# Trying to restore apps via Titanium Backup on the ICS LEAK for HTC MECHA 7.00.605.2 - lines through apps?



## AlexOnVinyl (Aug 16, 2012)

For some reason when I'm trying to restore the User apps that I have on my sd card backed up - there's lines through them, I'm not sure exactly what that means, if that means I can't restore the apps or not... but could someone help?

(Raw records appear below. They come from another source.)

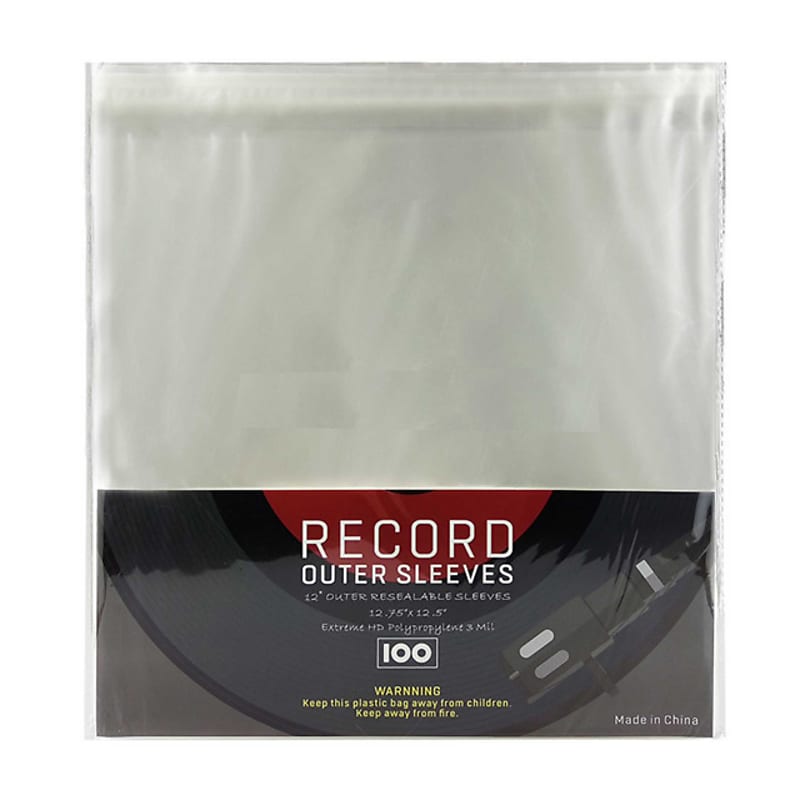 12.5" Heavy Duty Vinyl Disc LP Record Jacket Cover with re-sealable flap - pack of 25 image 1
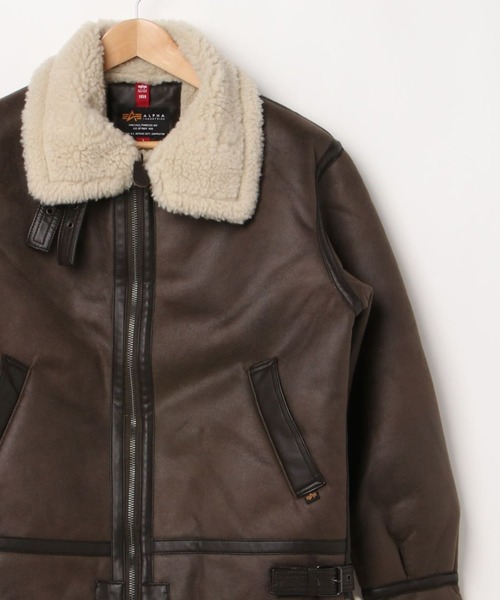 Alpha Industries(アルファインダストリーズ)の「ALPHA/アルファ B-3 FAKE MOUTON JACKET/フェイクムートン レザーブルゾン(ブルゾン・メンズ・ブラック/ブラウン・M/L/XL)」の2枚目の写真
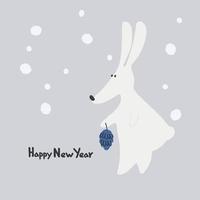 feliz tarjeta de felicitación de año nuevo con conejo de agua, animal zodiaco para 2023 en el bosque nocturno. divertido horóscopo chino conejo y frase de saludo con letras a mano vector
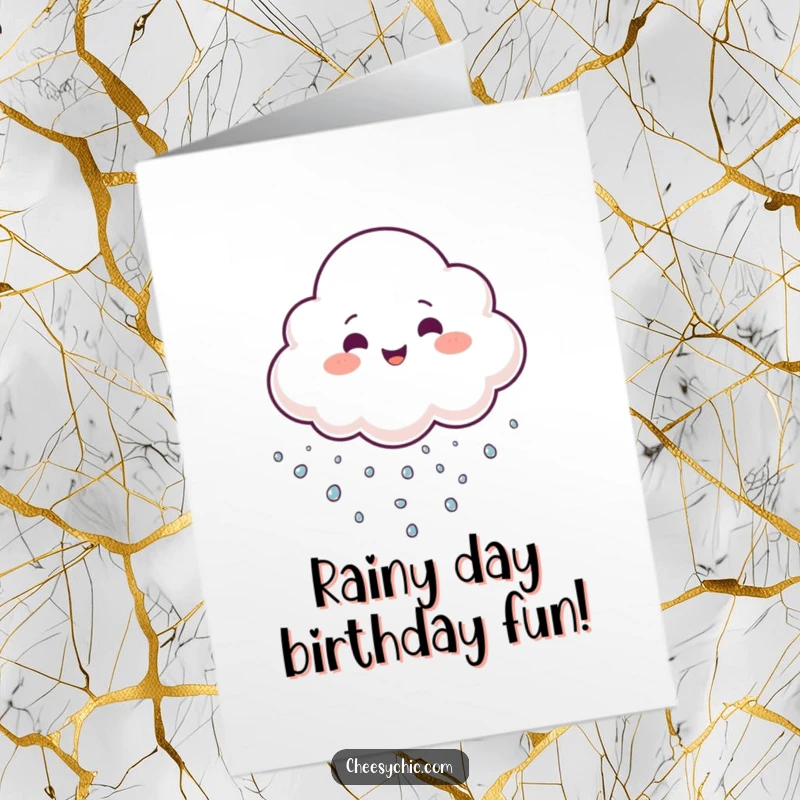 Funny free printable birthday card: A cheerful cloud playfully juggling tiny, sparkling water droplets with a big smile.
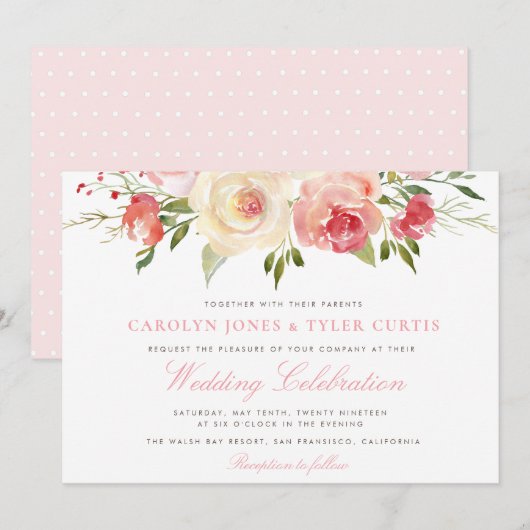 Lovely lente peach floral bruiloft uitnodiging (Voorkant / Achterkant)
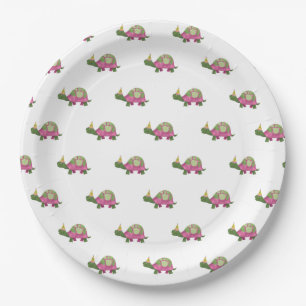 Borden van Birthday met roze tortoise   Girl Turtl Papieren Bordje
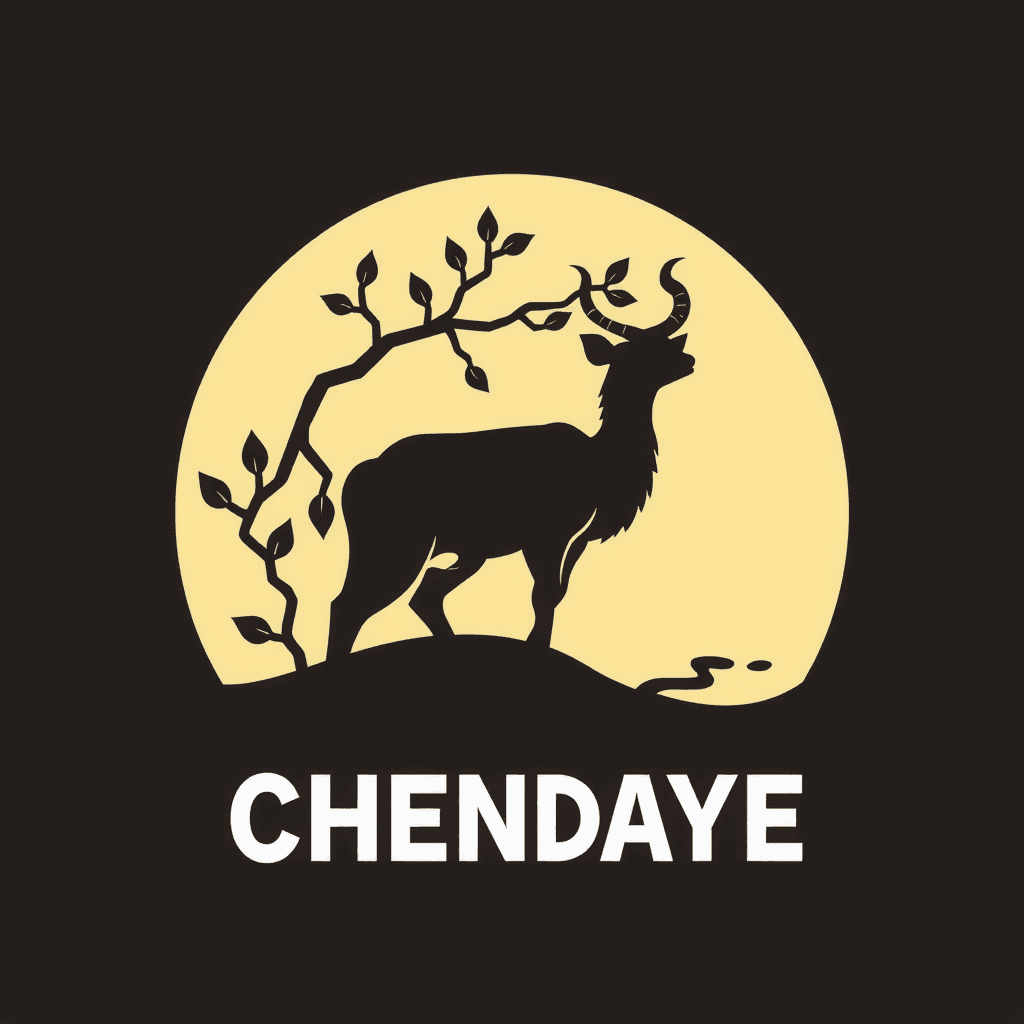 A stylized deer silhouette and tree branch against a large, bright moon, above the word 'CHENDAYE'.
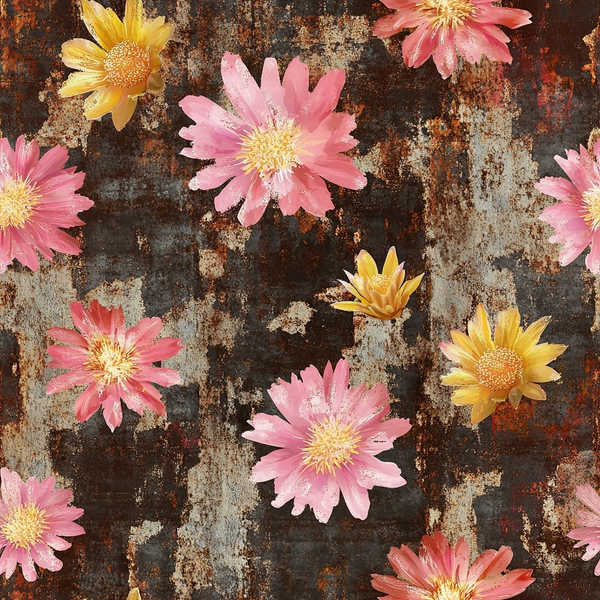 pink flowers, yellow flowers, coral blooms, rustic background, weathered texture, floral pattern, daisy-like flowers,, fabric panel, distressed surface, botanical design, spring florals, scattered blooms, vintage style, crafting material, sewing fabric, feminine colors, nature motifs, cottage core, rusty patina
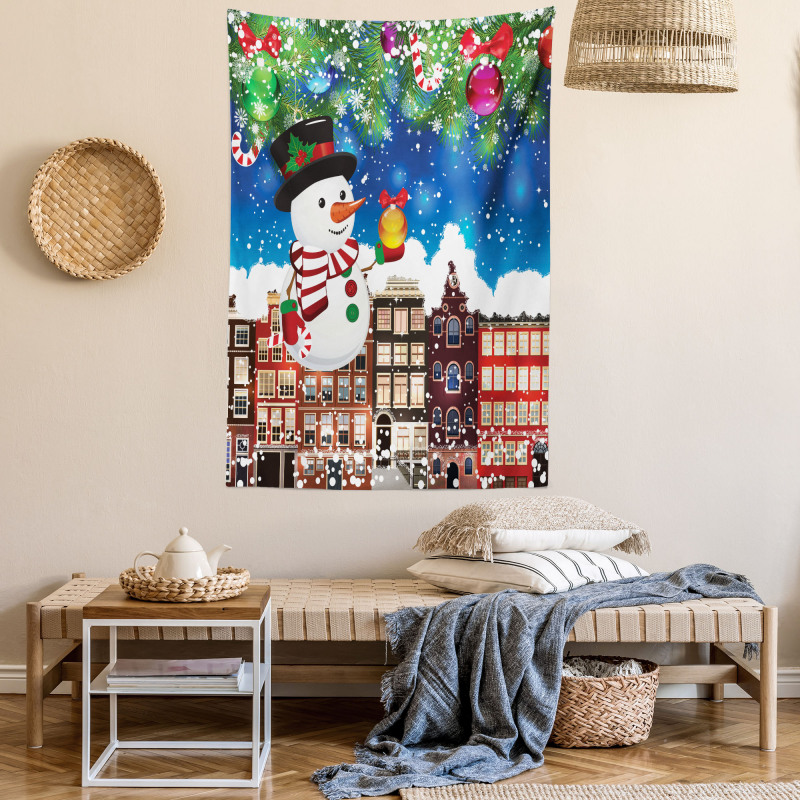 Snowy City Street Tapestry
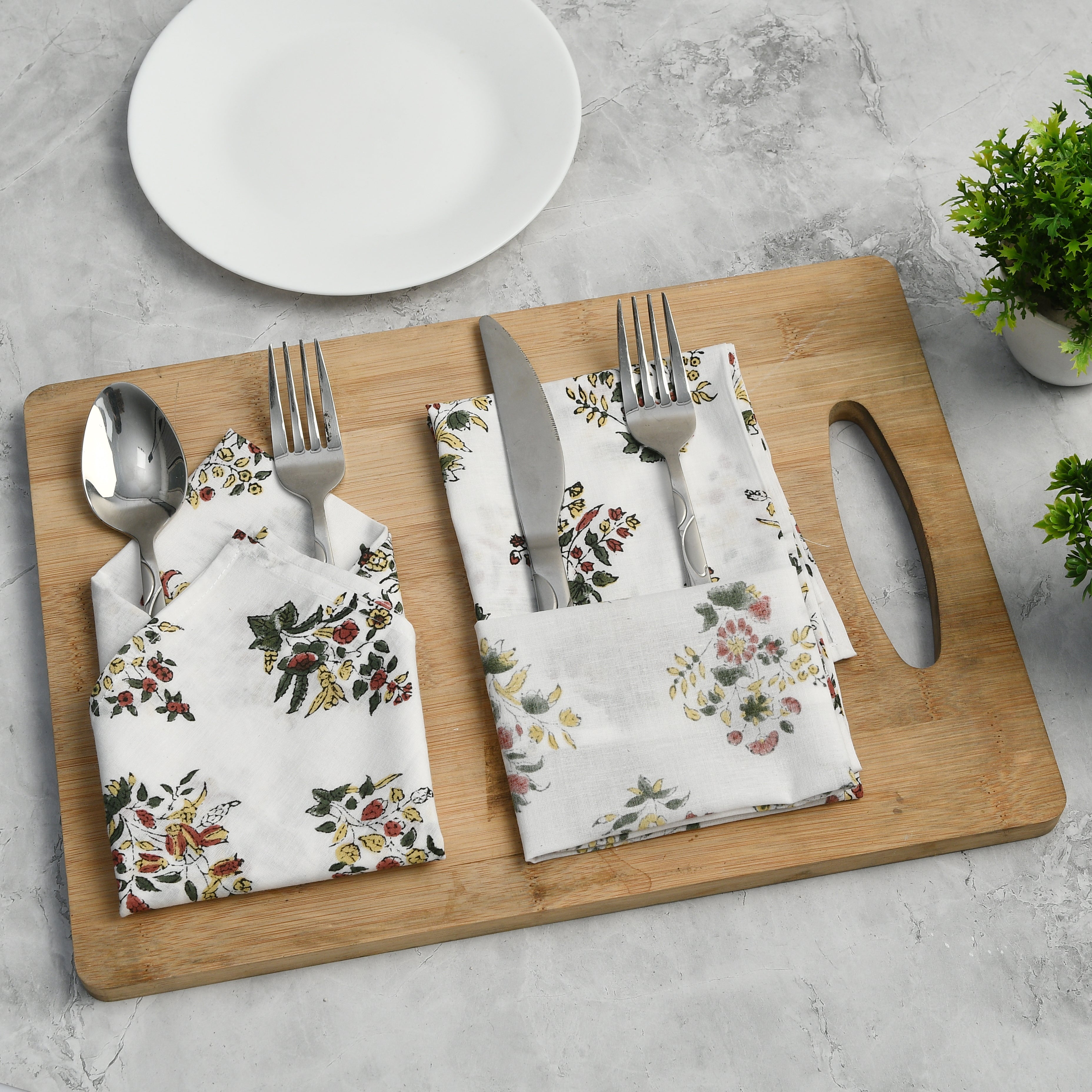 Cotton Cloth Napkins - Fall Green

I skipped adding my Google account so I could restore the apps right away, THEN sync data between my Google accounts.. does this have anything to do with it?


----------



## quickdraw86 (Jan 30, 2012)

AlexOnVinyl said:


> For some reason when I'm trying to restore the User apps that I have on my sd card backed up - there's lines through them, I'm not sure exactly what that means, if that means I can't restore the apps or not... but could someone help?
> 
> I skipped adding my Google account so I could restore the apps right away, THEN sync data between my Google accounts.. does this have anything to do with it?


lines through your apps in the TiBu list just means that those apps are backed up, but not currently installed on your phone. google account sign in has nothing to do with TiBu app restore, backed up apps are on your SD card and restored at high speed via the shell, not the play store.


----------



## AlexOnVinyl (Aug 16, 2012)

Thanks man, problem solved


----------